[Date Prev][Date Next] [Chronological] [Thread] [Top]

Re: null_callbacks after initial sync



Chris,

Well, it looks like I should have read that doc a little closer. ;) 
Still, though I now have two syncrepl blocks copied directly from that
doc, I'm still seeing odd behavior that I hope this list can clear it up.

The gist of it is, I see replication to both, but only if I write to
one.  I hope I'm understanding things correctly when I assume that in
the multi-master mirror, each system should be able to take writes,
though openldap cannot handle reconciling concurrent writes to each for
the same entry (hence the warning about writing to one at time in the
admin doc).  If I'm wrong here, well, I have any obvious flaw in my logic. 

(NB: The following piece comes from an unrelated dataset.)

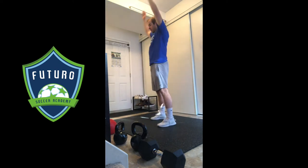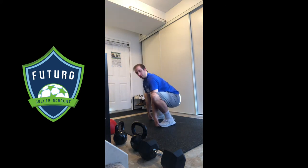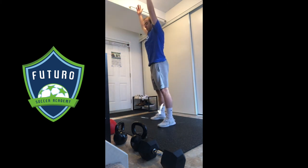So again from the side: we're bending from the waist, hamstring stretch, pull ourselves down, elbows stay inside the knees, keep those heels down on the floor, hands come up and we stand up.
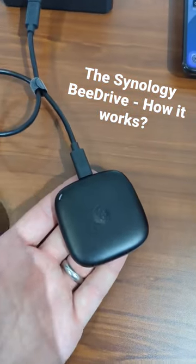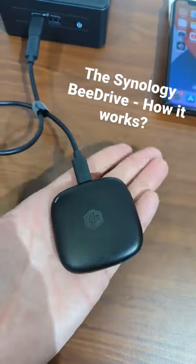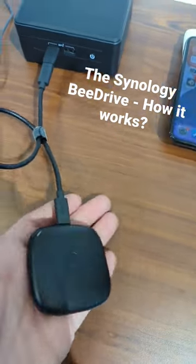And we finally have it — the Synology B drive that feels like it weighs about a gram and is remarkably smaller than my hand.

Just for reference, I'm trying to setup a mirror behind a pair of load
balancers.  Syncrepl should take place on the back-end though.  Based on
my interpretation, I want to weight one real server so it is in effect
the 'master' in a hot standby configuration.  I wanted a mirror to
mitigate fail-back issues.

S1 ----\                                          *** 'Primary' server
via weighted LB interface.
 |          LB(s)---pub
S2-----/

A simple run down of one of my tests goes as follows:

start server 1
start server 2 and verify in logs attempts to do_syncrepl
modify entry on one system and verify synchronization to the other.

This is what I see:

start server 1 then 2 and modify 1 - this works
start server 2 then 1 and modify 1 - this works
start server 1 then 2 and modify 2 - this fails*
start server 2 then 1 and modify 2 - this fails

* By fails, I mean that attributes on the modified entry are not in
sync, though there are no 'retry' attempts as if both believe they have
the most current contextCSN.   Again, only the first (of three)
modifications is propagated.

Another thing to note, I only see this behavior if I do not use the
accesslog overlay.   Ergo:

syncrepl     
rid=001                                                                               

                     provider=ldap://server01-ldap.mgt.example.com
                     bindmethod=simple
                     binddn="uid=syncrepl,ou=ldap,dc=example,dc=com"
                     credentials=secret
                     searchbase="dc=example,dc=com"
                     schemachecking=on
                     type=refreshAndPersist
                     retry="10 +"

syncrepl      rid=002
                     provider=ldap://server02-ldap.mgt.example.com
                     bindmethod=simple
                     binddn="uid=syncrepl,ou=ldap,dc=example,dc=com"
                     credentials=secret
                     searchbase="dc=example,dc=com"
                     schemachecking=on
                     type=refreshAndPersist
                     retry="10 +"

mirrormode on
serverID 1


If I add logbase and syncfilter,  I see the behavior where any serverID
other 1 (on either system) results in the looping mentioned previously,
when one server is down.  In that setup with both servers up, I still
see the null_callback issues.

At this point I'm pretty frayed.  I don't see how copying something
directly out of the admin doc would fail unless I've tickled a new bug.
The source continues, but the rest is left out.